WHAT TO WORK ON = Every line of the data below must be output exactly, with images left out.

[Entries taken from a collection]
----------------

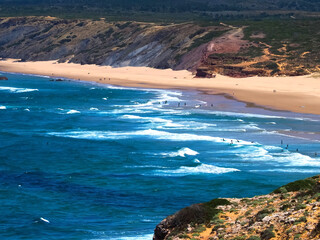 wild Praia da Bordeira beach at the west Algarve coast of Portugal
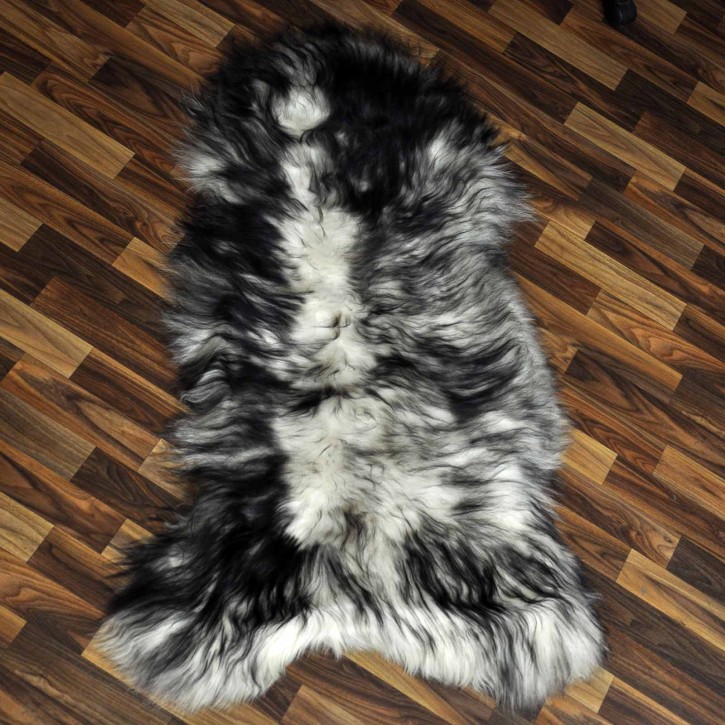 XXL ÖKO Island Schaffell weiß schwarz geflammt 125x70 #9543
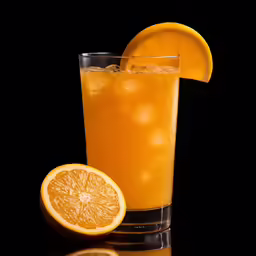 a orange and orange soda drink with ice on the rim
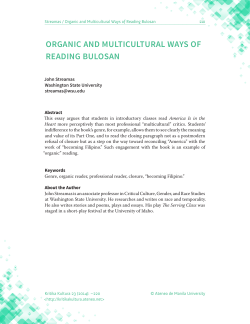 organic and multicultural ways of reading bulosan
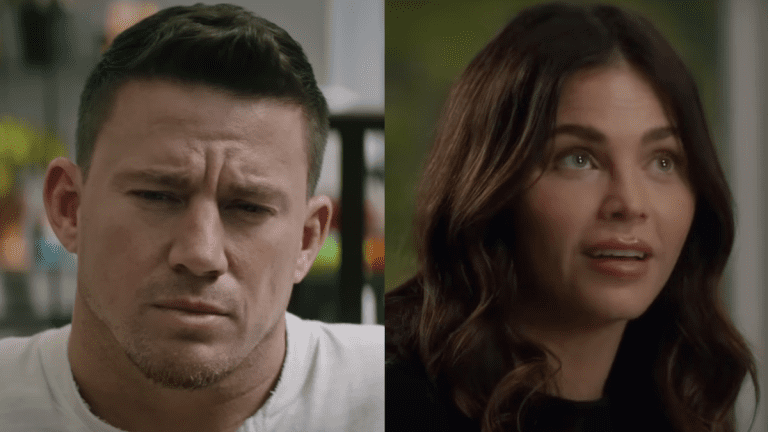 Channing Tatum in Dog/Jenna Dewan in The Rookie (side by side)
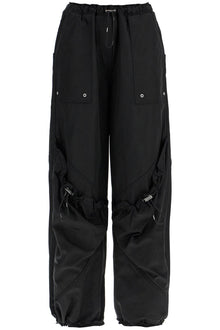  The Attico high-waisted black elasticated loose fit trousers with pockets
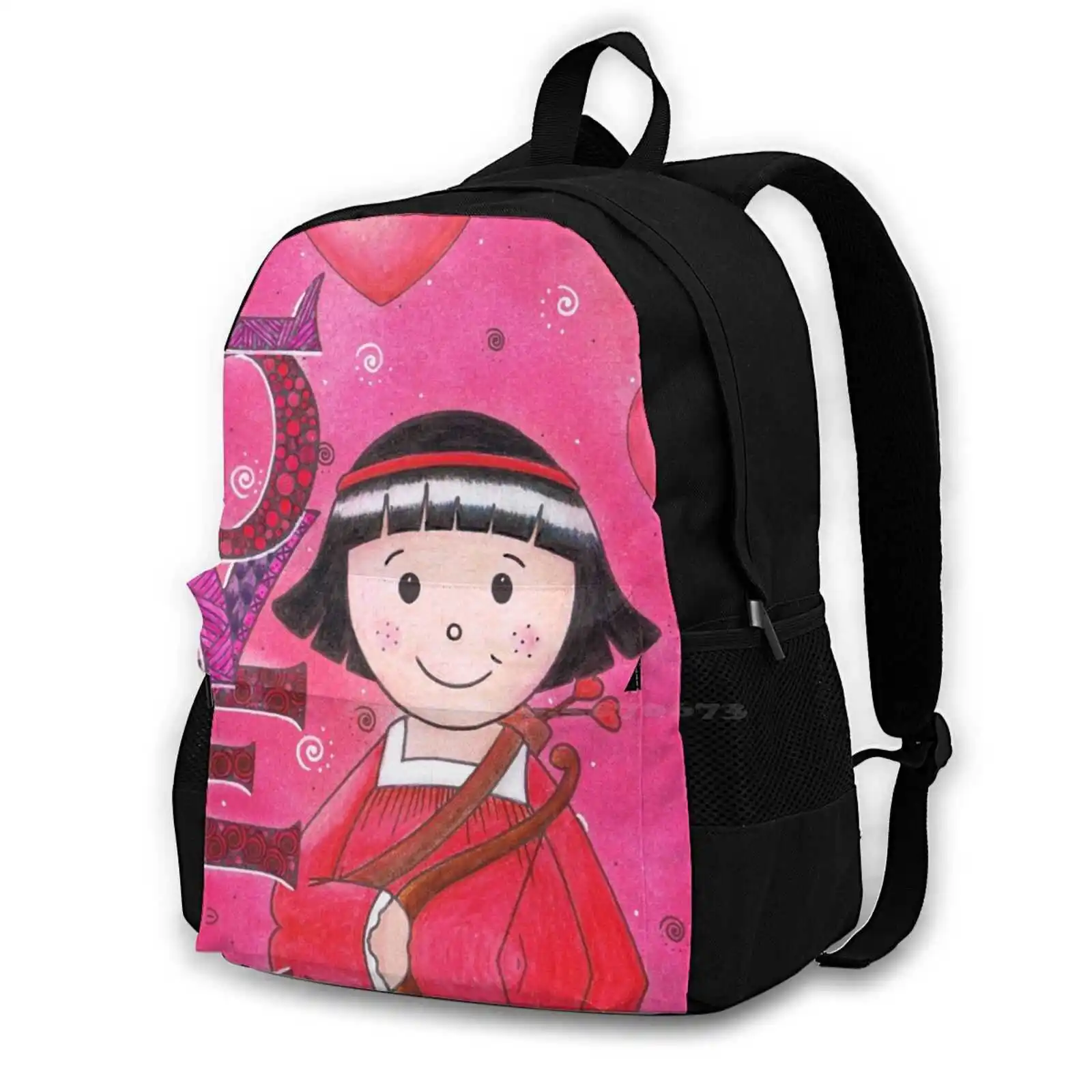 Of Love School Bags Travel Laptop Backpack Kokeshi Poupée Japonaise Doll Japanese Maud Feral Mfc Love Heart Amor Amour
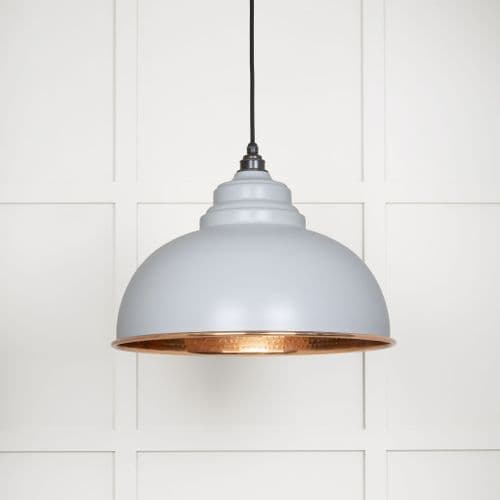 From The Anvil 49501BI Hammered Copper Harborne Pendant in Birch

----------------

YOUR RESPONSE =
 wild Praia da Bordeira beach at the west Algarve coast of Portugal
 XXL ÖKO Island Schaffell weiß schwarz geflammt 125x70 #9543
 a orange and orange soda drink with ice on the rim
 organic and multicultural ways of reading bulosan
 Channing Tatum in Dog/Jenna Dewan in The Rookie (side by side)
  The Attico high-waisted black elasticated loose fit trousers with pockets
 Of Love School Bags Travel Laptop Backpack Kokeshi Poupée Japonaise Doll Japanese Maud Feral Mfc Love Heart Amor Amour
 From The Anvil 49501BI Hammered Copper Harborne Pendant in Birch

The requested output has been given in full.